» **Requirement**
Pictures are to be omitted; everything else in the data must be transcribed exactly.

» **Dataset extract**
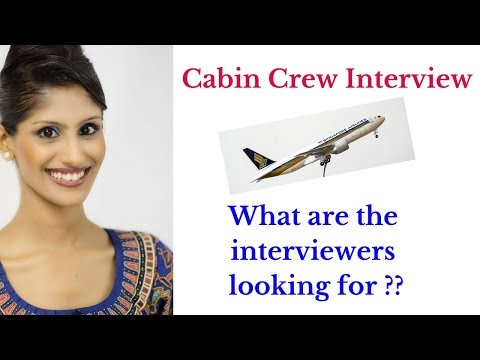 Repeat Singapore Airlines Cabin Crew Interview Process By Nidhi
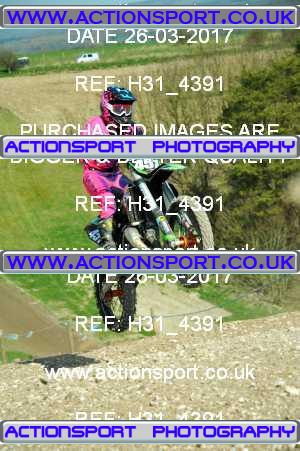 Photo: H31_4391 ActionSport Photography 26/03/2017 AMCA Devizes MXC - Upavon  _6_MX2Seniors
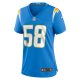 Women's Los Angeles Chargers Denzel Perryman Nike  Powder Blue Team Game Jersey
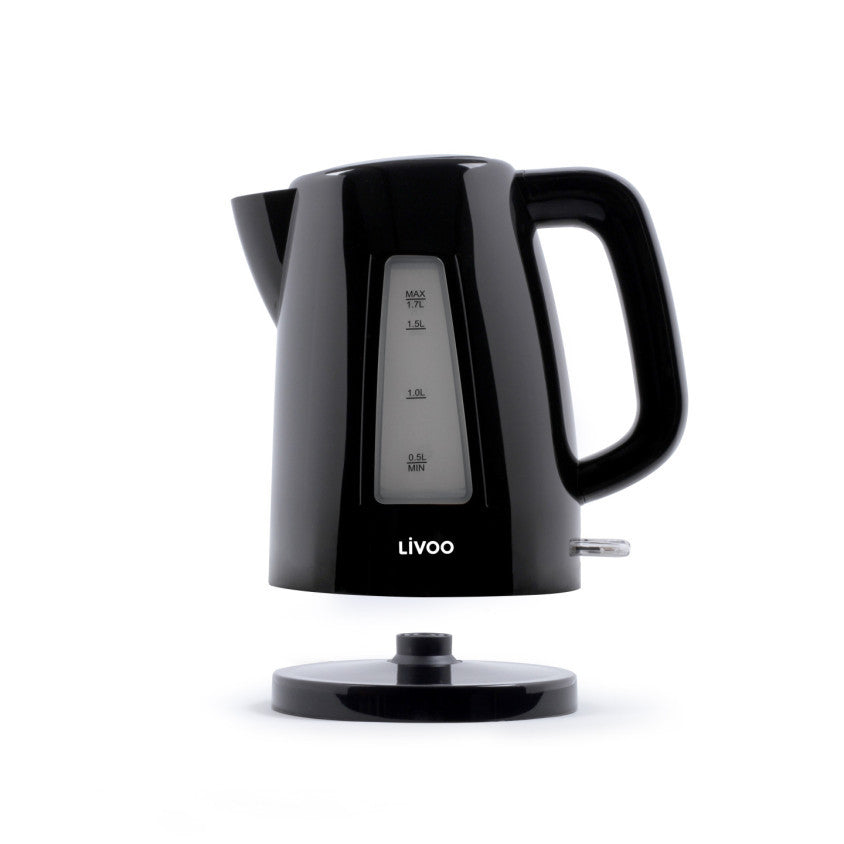 Bouilloire 1,7 L Livoo – noir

» **Task result**
 Repeat Singapore Airlines Cabin Crew Interview Process By Nidhi
 Photo: H31_4391 ActionSport Photography 26/03/2017 AMCA Devizes MXC - Upavon  _6_MX2Seniors
 Women's Los Angeles Chargers Denzel Perryman Nike  Powder Blue Team Game Jersey
 Bouilloire 1,7 L Livoo – noir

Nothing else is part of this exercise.